▶ _Input material_:
=== Begin Enclosure ===

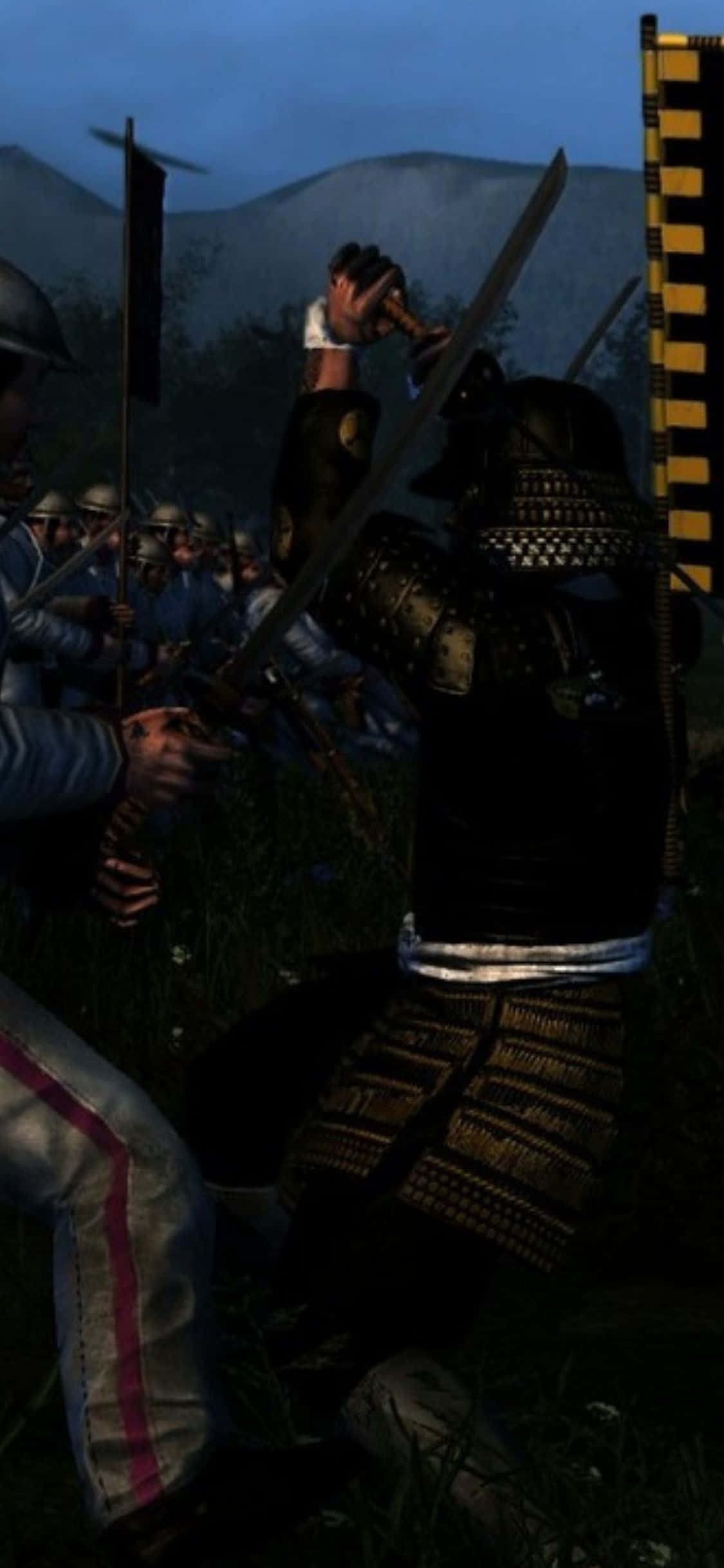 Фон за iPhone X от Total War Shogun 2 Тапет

=== End Enclosure ===
=== Begin Enclosure ===

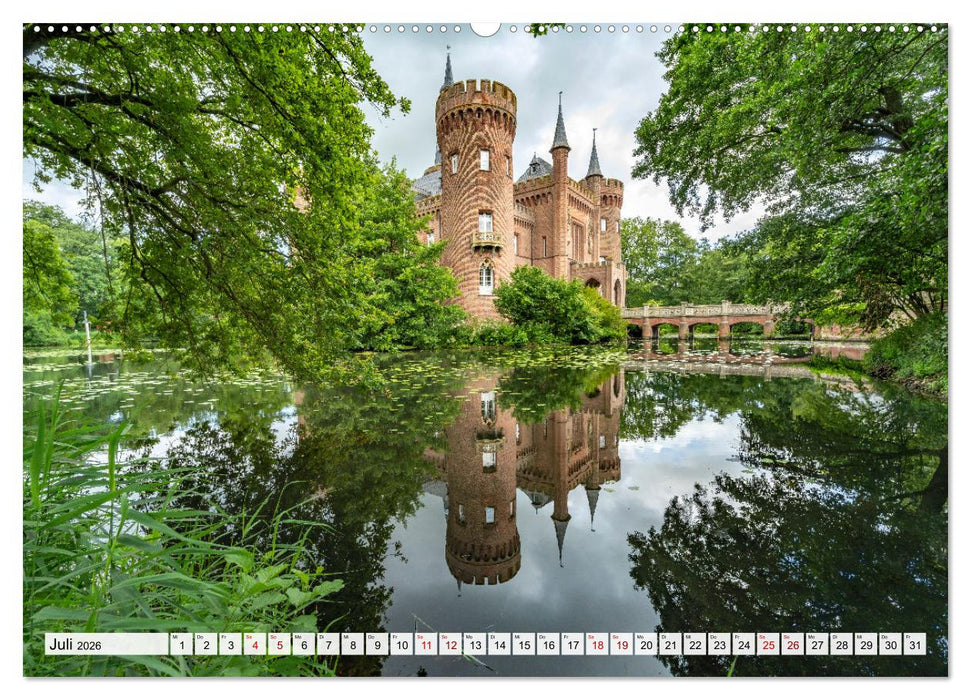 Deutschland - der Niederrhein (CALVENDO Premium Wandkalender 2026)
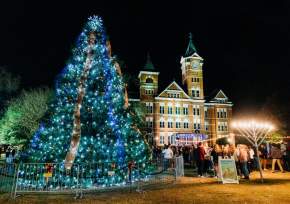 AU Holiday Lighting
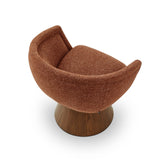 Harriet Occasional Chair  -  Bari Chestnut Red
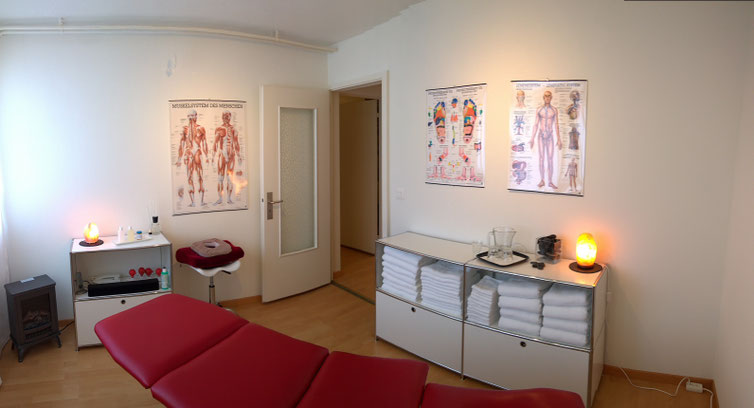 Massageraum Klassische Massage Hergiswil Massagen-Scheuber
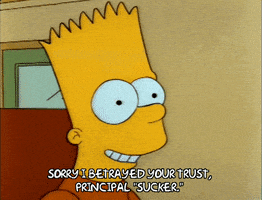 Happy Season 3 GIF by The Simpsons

=== End Enclosure ===

▶ _Task instructions_:
From the records above, copy exactly the lines starting at the one with "Massageraum Klassische Massage" and ending at the one with "Happy Season 3 GIF by The Simpsons", and no others. Pictures stay out.

▶ _Output of the exercise_:
 Massageraum Klassische Massage Hergiswil Massagen-Scheuber
 Happy Season 3 GIF by The Simpsons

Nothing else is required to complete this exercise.